A Chinese lunar lander landed on the moon and discovered water while on the surface, confirming previous scientific predictions that water does really exist on the body, revealed a report by Science.org. In December 2020, the lander returned with more than 60 ounces of soil and rock samples. Scientists hope the moon's water can be tapped and used for astronauts while they are on a mission in space.
Last week a study led by scientists at the Institute of Geology and Geophysics of the Chinese Academy of Sciences, depicted the H20 molecule in the probe's data.
Matt Siegler, a senior scientist for the Planetary Science Institute, believes that research shows that the moon may contain more water than expected. Previously, however, missions to space had put scientists under the false assumption that the moon was bone dry, yet over the years signs of hydration on the sunlit surface have been found but not confirmed until recently. In the last two decades, scientists from NASA had examined Apollo moon samples in 2008 and found water molecules in glass beads.
A month before the Chinese made their mission to the moon, NASA announced that they could confirm that the water on the moon was certainly in a sunny part of the celestial body.

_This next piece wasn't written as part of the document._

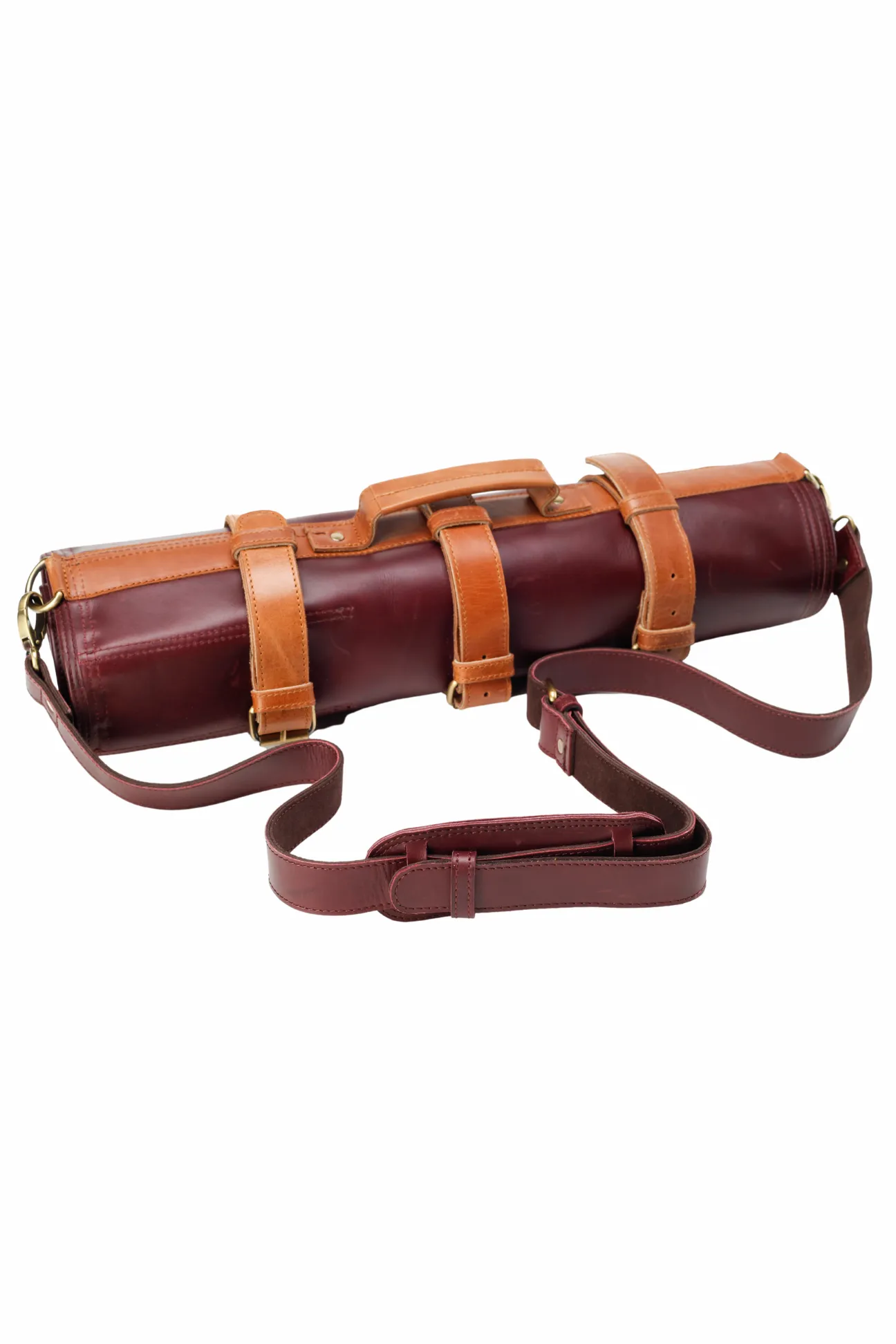 Leather Knife Roll- Bordo and Tan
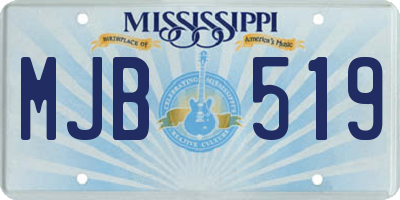 MS license plate MJB519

They used a Stratospheric Observatory for Infrared Astronomy (SOFIA) to pick up confirmed wavelength signals of water molecules which revealed that water is widespread on the moon and not just at the poles
The Chinese mission, Chang'E-5 found traces of water in the soil where it landed, which researchers believe was because of gases flowing off the sun forming water through the solar wind. When solar wind made contact with the oxygen on the moon's soil and rocks, it formed water. Rock picked up from the same location contained a higher concentration of water than the soil around it.
The Chang'E-5 was the first mission to the moon that collected and returned materials since Soviet Union’s Luna 24 in 1976. NASA last extracted moon rock samples in 1972, almost 50 years ago.